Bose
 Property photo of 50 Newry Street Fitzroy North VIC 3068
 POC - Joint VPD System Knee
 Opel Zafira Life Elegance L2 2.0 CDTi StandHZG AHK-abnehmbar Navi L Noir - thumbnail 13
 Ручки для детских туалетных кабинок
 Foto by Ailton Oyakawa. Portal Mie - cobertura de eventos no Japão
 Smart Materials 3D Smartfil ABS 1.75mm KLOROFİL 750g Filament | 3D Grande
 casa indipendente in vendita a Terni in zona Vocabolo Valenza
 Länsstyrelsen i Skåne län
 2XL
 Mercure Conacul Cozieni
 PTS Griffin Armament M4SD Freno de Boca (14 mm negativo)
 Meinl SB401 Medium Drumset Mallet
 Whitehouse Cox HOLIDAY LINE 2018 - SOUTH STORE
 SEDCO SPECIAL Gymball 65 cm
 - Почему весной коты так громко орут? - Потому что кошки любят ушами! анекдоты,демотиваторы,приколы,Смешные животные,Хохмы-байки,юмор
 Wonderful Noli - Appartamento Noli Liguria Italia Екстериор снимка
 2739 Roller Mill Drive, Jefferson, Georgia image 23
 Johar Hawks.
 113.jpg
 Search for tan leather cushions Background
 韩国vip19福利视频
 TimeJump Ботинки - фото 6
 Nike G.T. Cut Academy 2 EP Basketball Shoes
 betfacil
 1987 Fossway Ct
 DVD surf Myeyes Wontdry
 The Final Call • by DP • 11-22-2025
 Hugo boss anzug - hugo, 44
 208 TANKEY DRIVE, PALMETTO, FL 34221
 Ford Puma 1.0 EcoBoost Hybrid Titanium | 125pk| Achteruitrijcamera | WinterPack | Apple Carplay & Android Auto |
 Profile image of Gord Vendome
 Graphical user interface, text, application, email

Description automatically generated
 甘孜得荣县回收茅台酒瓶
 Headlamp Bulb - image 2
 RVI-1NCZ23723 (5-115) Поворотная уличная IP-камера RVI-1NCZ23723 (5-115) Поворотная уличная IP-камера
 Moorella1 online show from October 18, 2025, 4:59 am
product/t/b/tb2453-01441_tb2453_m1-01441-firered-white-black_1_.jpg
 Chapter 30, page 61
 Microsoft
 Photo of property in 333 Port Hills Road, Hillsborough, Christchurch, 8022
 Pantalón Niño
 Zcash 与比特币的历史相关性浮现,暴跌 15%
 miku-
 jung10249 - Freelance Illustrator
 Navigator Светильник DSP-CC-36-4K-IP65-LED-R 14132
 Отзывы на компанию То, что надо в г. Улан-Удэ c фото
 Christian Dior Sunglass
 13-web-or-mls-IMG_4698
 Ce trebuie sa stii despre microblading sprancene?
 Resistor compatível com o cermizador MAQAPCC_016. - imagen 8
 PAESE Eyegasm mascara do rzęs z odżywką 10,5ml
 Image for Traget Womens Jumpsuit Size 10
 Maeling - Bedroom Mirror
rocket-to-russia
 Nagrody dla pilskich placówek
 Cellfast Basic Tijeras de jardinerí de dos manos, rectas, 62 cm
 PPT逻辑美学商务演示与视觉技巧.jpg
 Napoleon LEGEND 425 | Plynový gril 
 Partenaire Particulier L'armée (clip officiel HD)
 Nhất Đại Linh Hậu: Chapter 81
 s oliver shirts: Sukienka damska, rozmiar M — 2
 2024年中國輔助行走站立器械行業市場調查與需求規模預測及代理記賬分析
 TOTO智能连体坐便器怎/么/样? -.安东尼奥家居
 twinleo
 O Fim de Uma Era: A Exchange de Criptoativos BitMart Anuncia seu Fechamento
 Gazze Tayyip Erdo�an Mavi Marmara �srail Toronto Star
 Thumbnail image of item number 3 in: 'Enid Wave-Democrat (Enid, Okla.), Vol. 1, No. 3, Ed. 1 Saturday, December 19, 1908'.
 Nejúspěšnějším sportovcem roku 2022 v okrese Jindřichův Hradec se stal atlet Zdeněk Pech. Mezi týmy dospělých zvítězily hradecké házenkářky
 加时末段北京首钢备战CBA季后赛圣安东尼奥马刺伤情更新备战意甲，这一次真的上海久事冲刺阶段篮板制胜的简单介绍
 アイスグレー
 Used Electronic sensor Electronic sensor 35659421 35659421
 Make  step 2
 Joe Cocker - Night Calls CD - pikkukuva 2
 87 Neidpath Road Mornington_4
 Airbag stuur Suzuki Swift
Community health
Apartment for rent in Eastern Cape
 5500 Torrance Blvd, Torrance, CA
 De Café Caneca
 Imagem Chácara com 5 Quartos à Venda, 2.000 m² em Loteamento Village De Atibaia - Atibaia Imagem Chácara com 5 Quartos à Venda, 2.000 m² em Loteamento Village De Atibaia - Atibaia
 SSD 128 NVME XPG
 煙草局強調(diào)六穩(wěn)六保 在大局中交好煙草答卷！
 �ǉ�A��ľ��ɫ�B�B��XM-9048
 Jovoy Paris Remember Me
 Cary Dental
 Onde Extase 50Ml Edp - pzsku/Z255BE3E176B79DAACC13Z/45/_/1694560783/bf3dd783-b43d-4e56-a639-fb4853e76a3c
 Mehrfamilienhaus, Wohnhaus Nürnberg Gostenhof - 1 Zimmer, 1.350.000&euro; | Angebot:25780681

• Exercise objective:
Which of the lines above include the word "Chapter"? List those lines.

• Expected answer:
 Chapter 30, page 61
 Nhất Đại Linh Hậu: Chapter 81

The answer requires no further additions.